A – Préemption du contrôle par l’utilisation d’une interprétation neutralisante contra legem


     L’interprétation conforme dans le cadre du filtrage de la QPC n’est pas inédite, loin s’en faut. Elle est même devenue une démarche banale de la part des juridictions suprêmes, qui participe déjà d’un contrôle poussé de constitutionnalité. Une étape a été franchie dans le sens d’une intensification de ce contrôle lorsque le Conseil d’Etat a neutralisé une disposition contestée en s’appuyant, non pas sur l’interprétation qui lui était donnée par sa propre jurisprudence consolidée, mais sur une interprétation « sur mesure », destinée à la rendre conforme aux exigences constitutionnelles. Il en a été ainsi de l’interprétation donnée, s’agissant des prévenus, aux dispositions interdisant la libre disposition par les détenus des sommes figurant dans la part de leur compte en détention destinée à l’indemnisation des parties civiles. Pour dénier tout caractère sérieux à la question, le Conseil d’Etat interprète l’article contesté comment n’ayant « pas par lui-même pour objet et ne [pouvant] avoir pour effet d’imposer aux personnes prévenues un prélèvement définitif de leurs avoirs […] dès lors que cette mesure […] a un caractère conservatoire » (CE, 19 mai 2010, M. Théron, concl. M. Guyomar, Gaz. Pal. 27 mai 2010, p. 23, 11761).


     Toutefois, au cas présent, la démarche effectuée par la Cour de cassation va bien au-delà et marquerait  véritablement un tournant si elle devait être confirmée par des décisions ultérieures. Compte tenu de la clarté de son libellé, le texte en cause n’était pas susceptible d’interprétation. Ses dispositions reflétaient de surcroît fidèlement l’intention du législateur : dans son avis au nom de la commission des lois du Sénat en date du 16 janvier 2002, Pierre Fauchon, à l’initiative du texte, justifiait cette exigence d’expertises concordantes par la nécessité d’éviter tout détournement de cette procédure. Dans ces conditions, parce qu’elle contrecarre l’unique signification que pouvait comporter le texte contesté, la lecture neutralisante qui en est faite ressemble fort à une censure déguisée. Contestable sur le plan des principes, cette façon de faire l’est également du point de vue de l’effectivité de la protection des droits et libertés que la Constitution garantit.


     En premier lieu, bien que l’arrêt transforme littéralement le dispositif institué par le législateur, sa portée concrète dépendra en réalité du degré de précision du contrôle des motifs qui sera exercé par le juge de cassation en la matière.

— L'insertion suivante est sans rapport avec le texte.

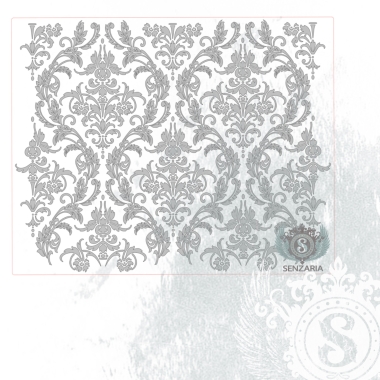 Трафарет - Богемия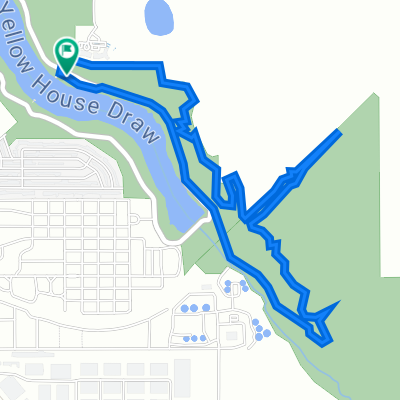 Sunrise Canyon Hospital, Lubbock to Sunrise Canyon Hospital, Lubbock
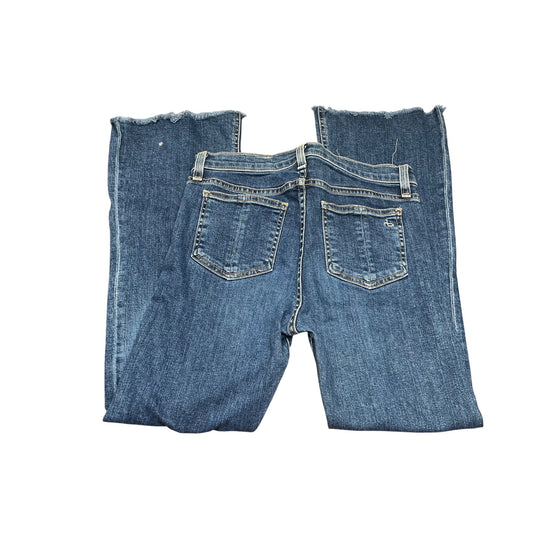 rag & bone Medium Wash Skinny Jeans | Mid Rise | Size 25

Le libellé de l’article 720-1-1 demeurant inchangé, le risque est en effet grand que de nombreuses juridictions persistent à s’en rapporter purement et simplement aux conclusions des deux experts pour rejeter la demande du condamné. Si la Cour de cassation en venait à considérer qu’en procédant de la sorte, les juridictions du fond ne font qu’exercer leur pouvoir souverain d’appréciation – autrement dit qu’elles considèrent implicitement qu’aucune circonstance ne justifie de s’écarter des conclusions expertales – les conditions de mise en œuvre de la suspension de peine ne devraient pas évoluer fondamentalement. Un tel scénario n’est pas inconnu dans le droit de l’exécution des peines. Nombre de juridictions du fond s’obstinent par exemple à subordonner l’octroi de la confusion de peines à la condition, non prévue par la loi, que les infractions en concours soient « de même nature ». La chambre criminelle ferme les yeux sur de telles impérities (Cass. crim, 26 mars 2004, n° 03-83.157).


     Ensuite, quel que soit le niveau d’exigence dont elle témoignera, la chambre criminelle pourrait se trouver dans l’impossibilité d’assurer rapidement l’unification de l’application du droit tel qu’il résulte de sa jurisprudence et non des dispositions du code de procédure pénale, compte tenu de la situation de grande précarité des justiciables concernés. Les pourvois pourraient se faire peu fréquents : les condamnés peuvent faire le choix d’attendre d’être accessibles à un autre aménagement, ne pas avoir les moyens financiers de saisir le juge de cassation, être mal conseillés sur les chances de succès d’une telle démarche ou, comme c’est le cas fréquemment, ne pas avoir l’énergie de poursuivre, malgré les refus successifs, une action judiciaire dans la durée. L’absence de mise en œuvre de la suspension médicale de peine résultant de l’indisponibilité de places en structures d’accueil à l’extérieur témoigne de la difficulté pour les intéressés d’engager des procédures lourdes. Une voie de recours a été ouverte en 2007 pour contraindre en référé, sur le fondement de l’article L.6112-2 du code de la santé publique, les établissements hospitaliers à orienter les intéressés vers une structure adaptée à leur état, de sorte à permettre leur libération (CE, ord. réf., 9 mars 2007, G. et OIP, AJDA 2007.1367, note T. Gründler ; pour une application positive de cette procédure en référé-suspension : TA Paris, ord. réf., 13 juin 2007, E. et OIP, n°0707596). Il est dès lors déterminant que l’arrêt qui sera rendu au principal non seulement énonce clairement le nouveau régime d’octroi de la suspension de peine médicale mais encore fasse l’objet d’une publication suffisante.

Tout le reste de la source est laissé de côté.